IF EXISTS (SELECT * FROM #EPParentObjects e
        LEFT OUTER JOIN  sys.columns c
        ON  e.level0_Name=Object_Schema_Name(c.object_id)
        AND e.level1_Name=Object_Name(c.object_id)
        AND e.level2_Name=c.name
        where e.level2_name IS NOT NULL AND level2_type ='Column'
        and c.column_id IS null
) RAISERROR('Sorry, but there are one or more columns that aren''t in the DATABASE',16,1)
--indexes should be checked in the same way, probably, but these are less frequent.
--we now iterate through all the lines of the table. Notice that I don't delete 
--documentation if the corresponding JSON record has a null. I just think that
--it is a bad way of deleting documentation. It is easy to add.
DECLARE @iiMax int= (SELECT Max(TheOneToDo) FROM #EPParentObjects)
 DECLARE @level0_type VARCHAR(128), @level0_Name sysname,
        @level1_type VARCHAR(128),@level1_Name sysname,
        @level2_type VARCHAR(128),@level2_Name sysname,@Description nvarchar (3750),
        @NeedsChanging BIT,@DidntExist BIT
DECLARE @ii INT =1
SELECT @Changed =0
WHILE @ii<=@iiMax
    BEGIN
    SELECT @level0_type =level0_type, @level0_Name=level0_Name,
        @level1_type =level1_type,@level1_Name =level1_Name,
        @level2_type=level2_type,@level2_Name =level2_Name,@Description=[description]
        FROM #EPParentObjects WHERE TheOneToDo=@ii
        SELECT @NeedsChanging=CASE WHEN value=@description THEN 0 ELSE 1 end --so what is there existing?
            FROM fn_listextendedproperty ('ms_description',
             @level0_type,@level0_Name,@level1_type,
              @level1_Name,@level2_type,@level2_Name) 
        IF @@RowCount=0 SELECT @DidntExist=1, @NeedsChanging=CASE WHEN @description IS NULL  THEN 0 ELSE 1 END
        IF @NeedsChanging =1
            BEGIN
            SELECT @Changed=@Changed+1
            IF @DidntExist=1
              EXEC sys.sp_addextendedproperty 'ms_description',@description,
                @level0_type,@level0_Name,@level1_type,
                @level1_Name,@level2_type,@level2_Name
            ELSE
              EXEC sys.sp_Updateextendedproperty  'ms_description',@description,
                @level0_type,@level0_Name,@level1_type,
                @level1_Name,@level2_type,@level2_Name 
            
            end
        SELECT @ii=@ii+1
    END
END

The latest version of this code is included in the Github project here

Putting It All Together

We now have all the components we need to add the documentation from the source code into the live database.
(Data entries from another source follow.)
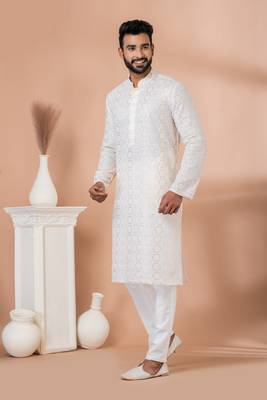 Sequence and Embroidery Work Kurta Pyjama Set 3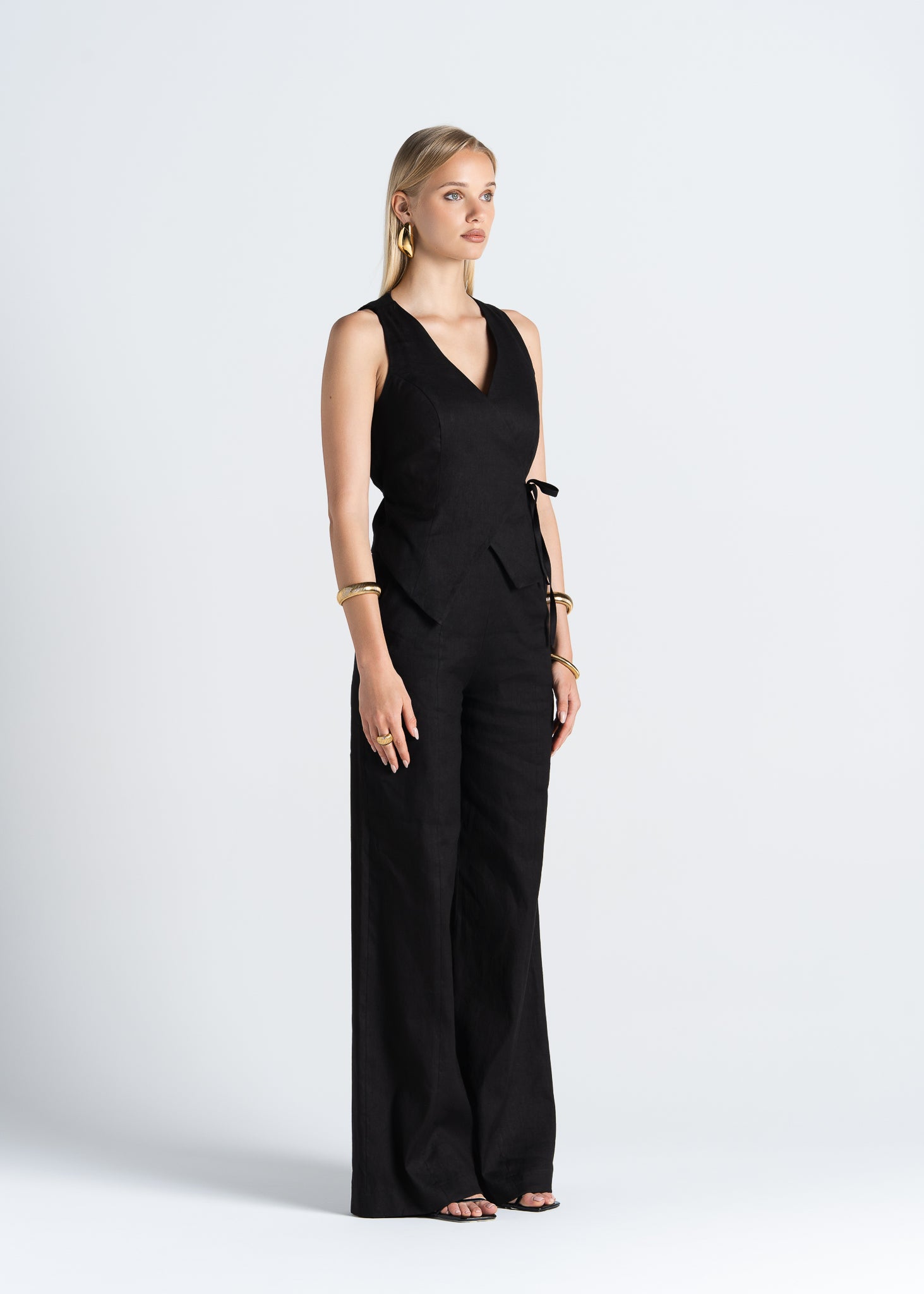 Elise Wide-Leg Linen Trousers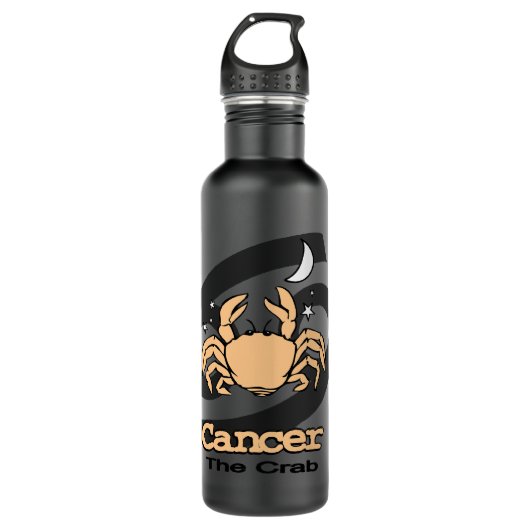 "Cancer The Crab" - Graue und orangefarbene Geträn Trinkflasche (Vorderseite)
As you’ll see in the comments, you need to first install the SqlServer module (it is in the PowerShell Gallery) and make sure you have the Microsoft.SqlServer.Management.SqlParser (it is part of SMO and the sqlserver module). You will, of course, need to provide the path to both the build script and the source for the stored procedure and the connection string properties.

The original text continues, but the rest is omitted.